### EXERCISE REQUIREMENTS:
Please repeat, from the entries that follow, the lines from the one containing "O modelo 2014" through the one containing "শীতকালে টক দই খেলে কী হয়?" exactly, adding nothing.

### DATA RECORDS:
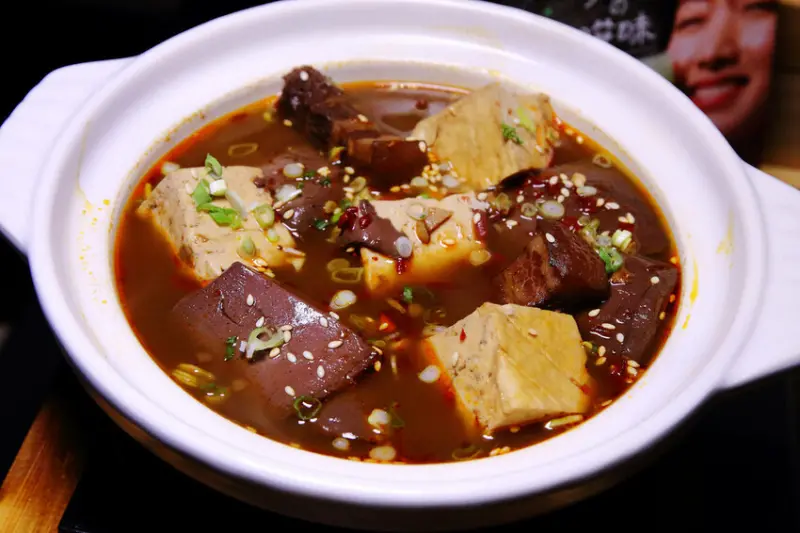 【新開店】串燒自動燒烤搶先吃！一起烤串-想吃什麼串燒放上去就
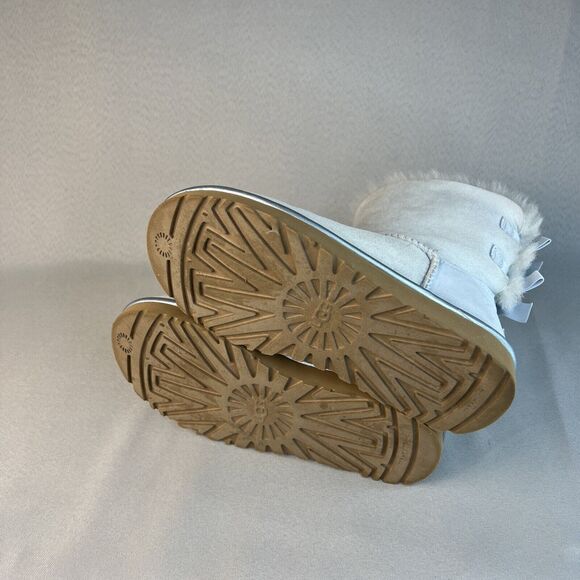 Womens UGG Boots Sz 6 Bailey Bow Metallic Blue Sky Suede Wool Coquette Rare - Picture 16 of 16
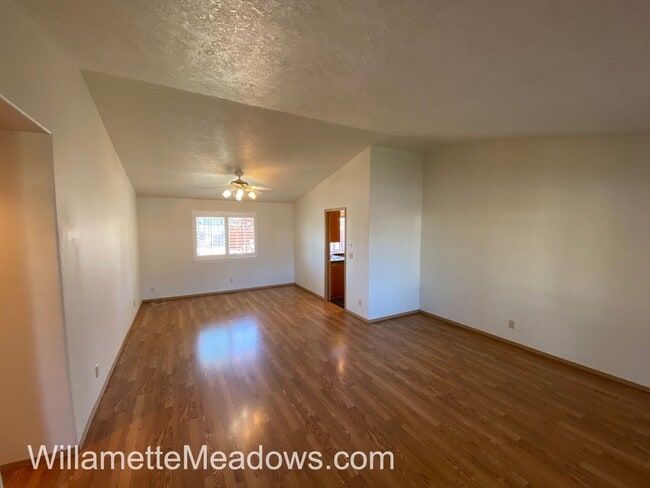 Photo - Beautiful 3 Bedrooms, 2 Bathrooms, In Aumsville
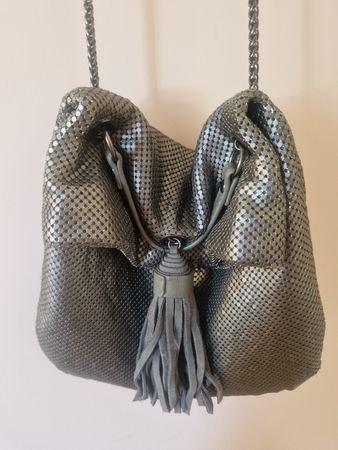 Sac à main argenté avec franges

...

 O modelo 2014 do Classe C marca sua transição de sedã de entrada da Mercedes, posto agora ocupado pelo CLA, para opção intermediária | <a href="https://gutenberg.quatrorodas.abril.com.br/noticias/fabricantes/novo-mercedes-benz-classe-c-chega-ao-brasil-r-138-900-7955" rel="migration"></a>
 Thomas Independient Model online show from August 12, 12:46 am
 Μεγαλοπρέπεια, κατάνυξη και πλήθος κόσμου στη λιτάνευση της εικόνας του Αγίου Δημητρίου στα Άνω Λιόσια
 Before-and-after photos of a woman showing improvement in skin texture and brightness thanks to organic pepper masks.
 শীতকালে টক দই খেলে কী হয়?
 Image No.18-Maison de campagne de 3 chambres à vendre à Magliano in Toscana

### WORKED SOLUTION:
 O modelo 2014 do Classe C marca sua transição de sedã de entrada da Mercedes, posto agora ocupado pelo CLA, para opção intermediária | <a href="https://gutenberg.quatrorodas.abril.com.br/noticias/fabricantes/novo-mercedes-benz-classe-c-chega-ao-brasil-r-138-900-7955" rel="migration"></a>
 Thomas Independient Model online show from August 12, 12:46 am
 Μεγαλοπρέπεια, κατάνυξη και πλήθος κόσμου στη λιτάνευση της εικόνας του Αγίου Δημητρίου στα Άνω Λιόσια
 Before-and-after photos of a woman showing improvement in skin texture and brightness thanks to organic pepper masks.
 শীতকালে টক দই খেলে কী হয়?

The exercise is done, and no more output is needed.